For about £400 there are plenty of decent spec watches out on the market. Tissot's, Steinhart, Certina but a few. You manage to get a automatic for the money. Lots of different styles etc. This is of course if you can't for 50 posts!.

Good luck either way.


----------



## artistmike (May 13, 2006)

Alan0048 said:


> that will give me little or no problems


 AS to that bit of your post, most will do that but watches with time, like a car, need servicing, some more than others so you would need to check that situation with any watch that you fancy the look of....


----------



## Alan0048 (Nov 8, 2015)

I came from the era where Britian manufactured a lot of things,and you get what you paid for.

Im not looking for a Flashy all singing and all dancing type of watch, just something that is reliable.

I guess a starting point would be Gerrard, not too fussed about having a date movement.

Is there any other british manufacturers that would fit the bill.


----------



## andyclient (Aug 1, 2009)

Alan0048 said:


> I came from the era where Britian manufactured a lot of things,and you get what you paid for.
> 
> Im not looking for a Flashy all singing and all dancing type of watch, just something that is reliable.
> 
> ...


 With Garrard the case and the company may be British but it will house a Swiss movement often an Eta which is much the same as most manufacturers they just buy in movements and have their name put on the dial , so saying that if you could be tempted to go Swiss i would go for a vintage Omega auto personally , very nice quality, reliable and if you keep it for a few years you will more than likely get back what you paid for it maybe more if it is something like a Seamaster or Constellation as they seem the more popular imho.


----------



## PC-Magician (Apr 29, 2013)

andyclient said:


> With Garrard the case and the company may be British but it will house a Swiss movement often an Eta which is much the same as most manufacturers they just buy in movements and have their name put on the dial , so saying that if you could be tempted to go Swiss i would go for a vintage Omega auto personally , very nice quality, reliable and if you keep it for a few years you will more than likely get back what you paid for it maybe more if it is something like a Seamaster or Constellation as they seem the more popular imho.


 I would agree with that.

Take a good look at some of the vintage Omega's.

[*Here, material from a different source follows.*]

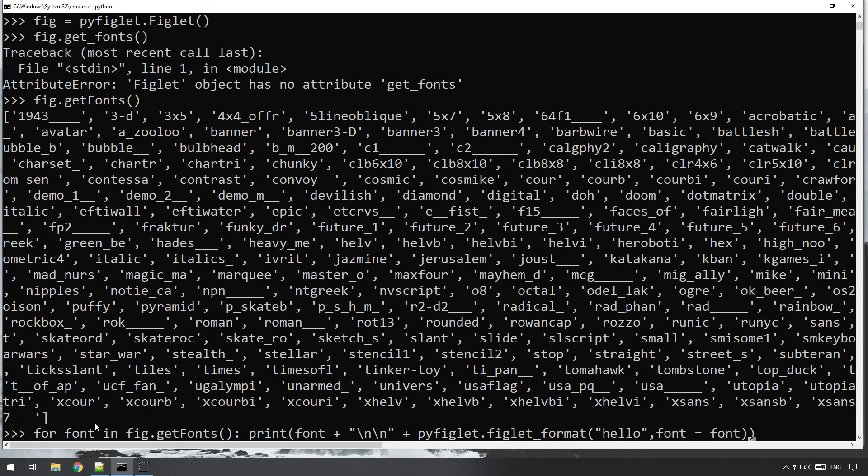And there we go, and that'll print out the name of the font followed by all of the figlet format stuff, the actual font itself. And then what we'll do is right at the end here, do a little comma there, and we'll print out, let's print out a couple more new lines as well.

Quality movements and pretty darn reliable.


----------



## Craftycockney (Nov 5, 2015)

Harold pinchbeck 'made in England'. Entry level is £400 but you can get 10% off. I got 1 and love it.


----------



## Craftycockney (Nov 5, 2015)

http://www.haroldpinchbeck.co.uk/order-online/4557279627/William


----------



## andyclient (Aug 1, 2009)

Craftycockney said:


> Harold pinchbeck 'made in England'. Entry level is £400 but you can get 10% off. I got 1 and love it.


 The movement is Swiss though (and quartz) , like i said in my earlier post movements are bought in


----------



## vinn (Jun 14, 2015)

a second hand ANYTHING is an experiment ! cars , trucks, boats and wife? / if you have some mechanical skills, it will help you with buying cars and watches.. - vinn


----------



## Craftycockney (Nov 5, 2015)

Most things these days are assembled using various components from different suppliers. Either because of cost or no point spending millions in R&D when someone has already a tried and tested system which is already established. If you want a completely English made watch I would suggest Robert Loomes: http://www.robertloomes.com/robin-gents-watch/.

With a price tag to match course. For me the pinchbeck ticked all the right boxes


----------



## Alan0048 (Nov 8, 2015)

Thanks for the information, what a great Forum this is. Was also looking at Tudor watches, I know I will have to spend a bit more though.

I don't know if its me, but I tend to be put off a watch if theres an inscription on the back, maybe its a newbie way of thinking, as Ive said before, Ive a lot to learn about this new hobby.


----------